• **GIVEN ENTRIES**
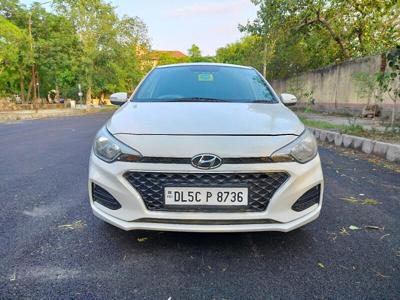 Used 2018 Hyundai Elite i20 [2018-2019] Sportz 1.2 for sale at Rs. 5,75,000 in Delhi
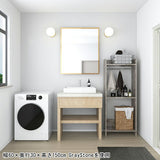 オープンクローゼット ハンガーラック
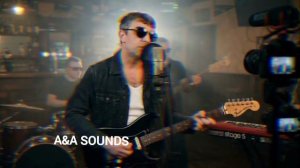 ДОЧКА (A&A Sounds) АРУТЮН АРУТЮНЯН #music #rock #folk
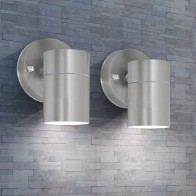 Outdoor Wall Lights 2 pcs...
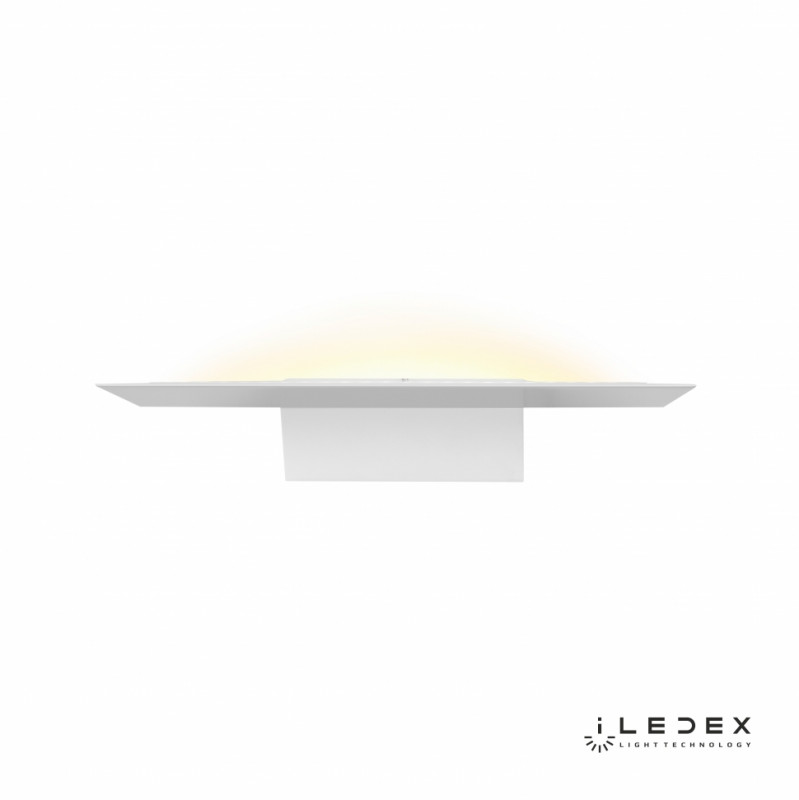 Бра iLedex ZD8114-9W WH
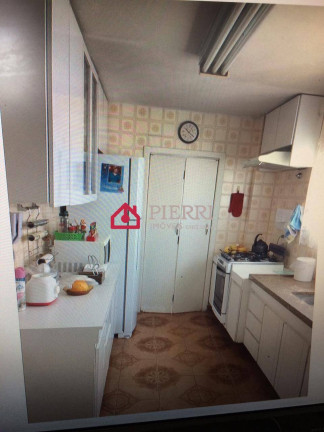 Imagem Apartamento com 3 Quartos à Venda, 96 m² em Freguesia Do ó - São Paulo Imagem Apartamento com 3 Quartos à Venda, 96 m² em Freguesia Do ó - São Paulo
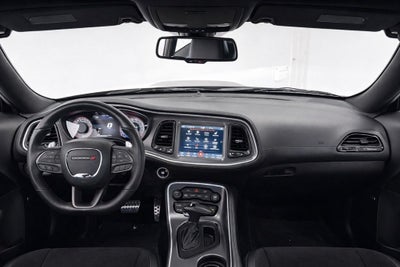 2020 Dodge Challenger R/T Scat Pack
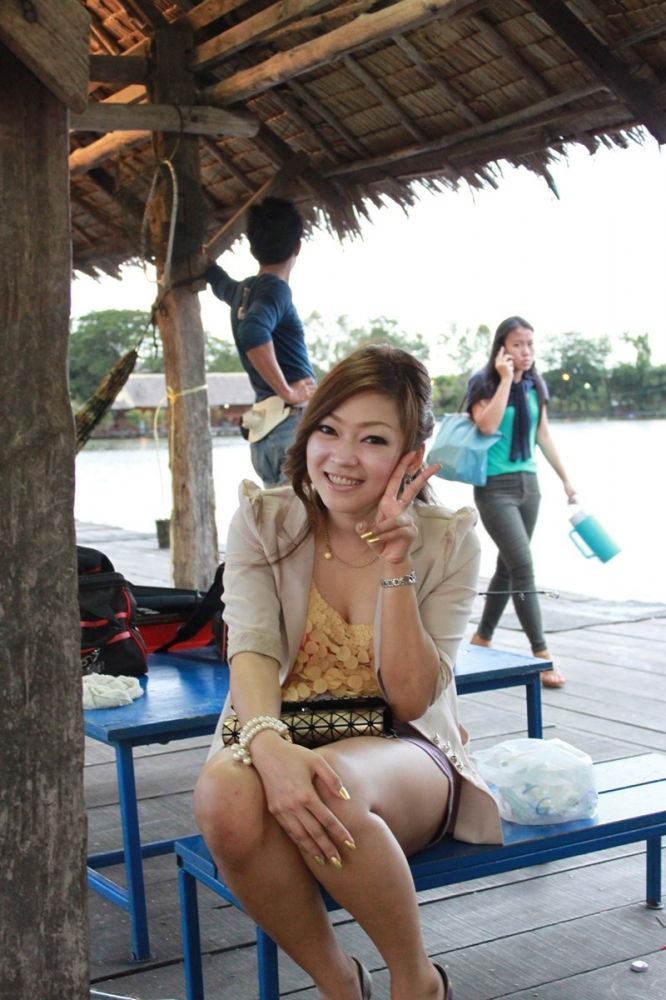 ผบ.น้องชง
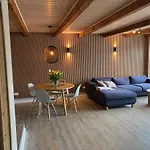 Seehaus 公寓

• **HOW TO COMPLETE THIS TASK**
Restate the full listing word for word, excluding images.

• **REPLY**
 Used 2018 Hyundai Elite i20 [2018-2019] Sportz 1.2 for sale at Rs. 5,75,000 in Delhi
 オープンクローゼット ハンガーラック
 ДОЧКА (A&A Sounds) АРУТЮН АРУТЮНЯН #music #rock #folk
 Outdoor Wall Lights 2 pcs...
 Бра iLedex ZD8114-9W WH
 Imagem Apartamento com 3 Quartos à Venda, 96 m² em Freguesia Do ó - São Paulo Imagem Apartamento com 3 Quartos à Venda, 96 m² em Freguesia Do ó - São Paulo
 2020 Dodge Challenger R/T Scat Pack
 ผบ.น้องชง
 Seehaus 公寓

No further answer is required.